Is the hyphen the 27th character of the alphabet? When alphabetizing a list of words with and without hyphens, the grammatical order can be confusing. The rule of alphabetizing words that contain hyphens is simple: ignore the hyphen. All major style guides including the Modern Language Association, American Psychological Association and the Chicago Manual of Style agree that writers should alphabetize hyphenated names beginning with the first letter of the first name in the sequence without attention to hyphens.

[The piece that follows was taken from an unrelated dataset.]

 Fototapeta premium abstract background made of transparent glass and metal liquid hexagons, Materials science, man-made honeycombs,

While many hyphenated words are proper names, there are additional compound words that are hyphenated as well. A compound word is defined as two or more words functioning as a one-word meaning. Not all compound words are hyphenated, and this includes open and closed compound words. Hyphenated compound words include phrases like “one-word” where both words depend on the other one for definition. Some word compounds are also always hyphenated independent of their function in a sentence as an adjective or adverb.

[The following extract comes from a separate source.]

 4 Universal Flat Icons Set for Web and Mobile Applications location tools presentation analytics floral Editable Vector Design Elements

Hyphenated proper names also function grammatically as a hyphenated word combo would – they act as if they're one word with a singular function. In lists of names where hyphenated and similar non-hyphenated names occur, it can initially be confusing to alphabetize the names and/or hyphenated combo words. Some people make the decision to hyphenate their maiden and married names, while other couples leave the two names in compound form or choose one unhyphenated name. An example of a list of non-hyphenated names and hyphenated names and their alphabetized order would be: Jones, Parker-Jones, Smith, Smith-Jones, Young, Young-Jones, Young-Parker. Alphabetically, the name "Jones-Smith" would precede the name "Robinson" or "Smith-Jones" because "Jones-Smith" begins with J, which comes before the letters R and S. In the case of "Young-Parker" and "Young-Lee," the latter name would come first because the letters following the hyphen are P and L with L coming before the letter P. Alphabetizing proper names might come into play on things such as playbills or class lists. As with compound words, the grammatically correct way to alphabetize with hyphenated proper names is to simply disregard the hyphen.

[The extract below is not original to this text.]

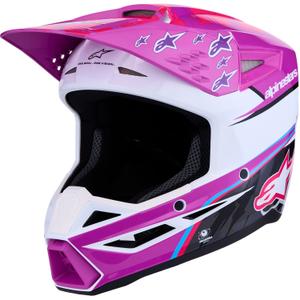 Casco da motocross per bambini Alpinestars S-M3 Falcon, viola-bianco-nero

Non-Hyphenated Names or Words Alphabetized Within Hyphenated Words
When alphabetizing in lists, the unhyphenated name "Young" precedes the hyphenated name "Young-Lee,” just as “on” would proceed the compound hyphenated word “on-site.” As an example, the correct alphabetical order of names and compound phrases is: Jones-Smith, on-site, Robinson, Smith Jones, Young, Young-Lee, Young-Parker. By simply looking at the letters and ignoring the hyphens within compound words or hyphenated proper names, the correct way to alphabetize is clear.